Colum Kenny’s new examination of Dev’s early life does indeed highlight De Valera’s deprived childhood, emotionally and materially. (By the way, Colum is a cousin of mine but hopefully that does not disqualify me from describing his book.) There was real poverty in the rural Ireland to which Dev was despatched, from his American place of birth. He had to work on the farm as a young child. He was originally called George by his mother, and subsequently Eddie. He must have suffered from maternal deprivation syndrome when his mother, as a single parent (apparently deserted by Dev’s father) sent him back to Ireland because she had to go out to work.

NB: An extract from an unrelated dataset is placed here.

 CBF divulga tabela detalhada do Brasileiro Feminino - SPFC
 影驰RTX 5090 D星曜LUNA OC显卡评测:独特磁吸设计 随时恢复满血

Small wonder, Colum says, that Dev’s 1937 Constitution specified that mothers should not be forced into outside employment “by economic necessity”.
His parents’ marriage has never been verified, and poignant are Dev’s own searches for traces of his father, the elusive Vivion de Valera. Dev endured cruel barbs because of the uncertainty around his family roots. He was, as Mary McAleese said, heartlessly “othered” because of being the child of a single mother, and the son of an absent, untraceable father. On one occasion a political opponent referred to Dev as “a half-breed Jew”. Ernest Blythe, founder of the Abbey Theatre, called him “some class of a mulatto”.
Calling
Dev might have become a priest – his mother wanted him to be ordained – and he was always seriously religious. But after 1916 a political life beckoned.
His mother Kate married again, and her second son, Dev’s half-brother, Thomas Wheelwright, did indeed become a priest in America.
“The child is father of the man,” wrote Wordsworth: in our childhood, our later lives are formed. What a tough and lonely childhood Éamon de Valera overcame! Yet he forged a nation. Surely he deserves a national monument.
There was real poverty in the rural Ireland to which Dev was despatched, from his American place of birth. He had to work on the farm as a young child”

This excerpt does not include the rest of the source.